Friday, May 5, 2017

The drama king

It's probably in bad parenting form to laugh at your child's pain, but sometimes they're just so dang dramatic that you can't help it!

Biscuit has guided reading at school. It's basically reading comprehension, but you know they have the change the names of everything every few years. 

They get either "books," which are photocopies stapled together, or what they call passages, which are just one sheet front and back with a story or non-fiction information. The levels are lettered so they can keep up with where the kids are in their reading. Biscuit is supposed to be at the letter N by the end of the school year. Right now, he's already at R, so he's doing really well. But he puts a lot of pressure on himself.

It's hard because I want to push him and encourage him to do the best he can, but I don't want him getting all stressed out about it. He has this weird mix of being a perfectionist but also wanting to be done with his work more than wanting to be right. So he hurries through things and is then upset when he doesn't do as well as he wanted to do.

So, on to the part where I wanted to laugh ...

When they get their books or passages, they also get sheets with four reading comprehension questions. In addition to the reading and questions, they also have math homework every night. So the idea is for the kids to answer one question each night, making it all more manageable.

Biscuit has piano lessons on Tuesday evenings, so he usually does two questions on Monday or Wednesday.

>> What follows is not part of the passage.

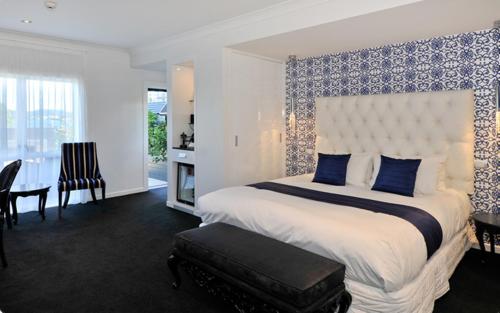 a bedroom with a large bed with a blue patterned wall at Black Swan Lakeside Boutique Hotel in Rotorua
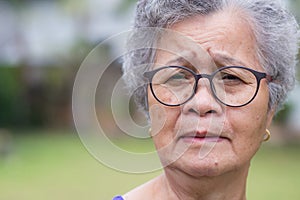 Senior woman with short gray hair wearing glasses and looking at the camera while standing in a garden. Concept of aged people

This week was kind of crazy, then Biscuit picked up a nasty cold and had to miss school Wednesday. And somehow, he ended up with three questions to answer Thursday evening.

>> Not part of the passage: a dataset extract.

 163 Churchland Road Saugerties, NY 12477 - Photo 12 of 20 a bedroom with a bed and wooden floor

He does his homework at the kitchen table, and if I sit there with him, he'll ask me a thousand questions and will depend on me too much to help. So I stay in the living room, then when he's done, he brings his answers to me and we go over them.

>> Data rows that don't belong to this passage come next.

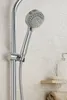 A close-up of a chrome hand shower head with water spraying from it, mounted on a shower rail. A bar of soap and a folded towel are visible on a shelf in the background. Produktbild-Vorschau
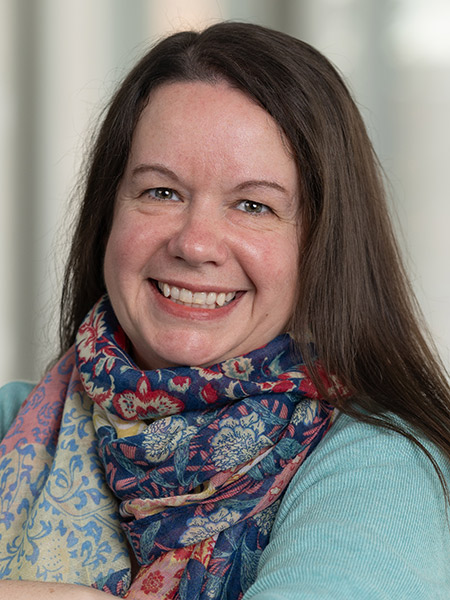 A white woman with dark long hair wearing a multi-colored teal and teal sweater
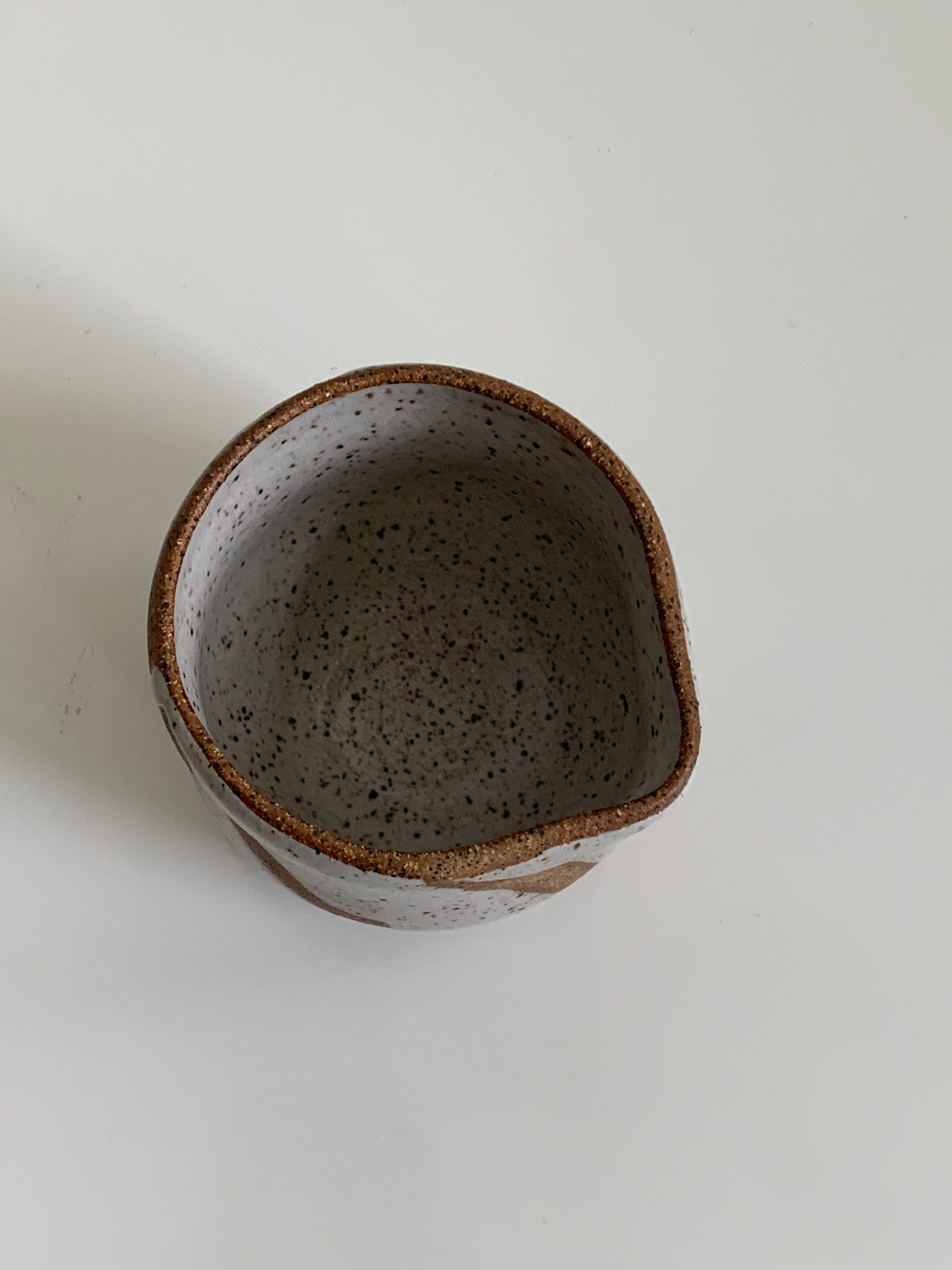 speckled ceramic saucer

I was in my rocking chair when Biscuit rounded the corner crying.

"What's wrong?" I asked him.

"I ... I ... I'm doomed," Biscuit said with full drama!

"You're doomed?" I asked him. "Why do you say that?"

"Um, because I can't find my guided reading booooook," he said with more tears falling. "It's no use. I'm going to flunk second grade. I just can't flunk second grade, Mom."

It had to bite my tongue to keep from laughing. I shouldn't admit it because he was so upset, but he was just SO dramatic. But he was completely serious. He was that worried about losing his book. And remember, this so-called book is some photocopies stapled together.

He had the question sheet, so I said, "You've read the passage several times. See if you can remember enough to answer the questions."

I sat with him at the kitchen table, and sure enough, he remembered enough to give decent decent answers to two of the questions.

Once he got those answers down, I could tell he was calming down. So then I lit in with the responsibility / keeping-up-with-your-stuff lecture.

"Your best course of action is to go straight to the teacher and tell her what's going on," I told Biscuit.

"Okay," he said, and I could tell he was dreading it.

I wrote his teacher an email to tell her what was going on and how upset he was about it.

She wrote back later and said that as soon as Biscuit walked in the classroom, he went straight to her desk and stuttered and stumbled all over himself and told her he lost his book.

"Okay, let's problem solve," she told him. "Pick up another book and go do your last question right now."

And that's all he needed to hear. She said he got his last question done in no time.

And it's safe to say that he won't flunk second grade!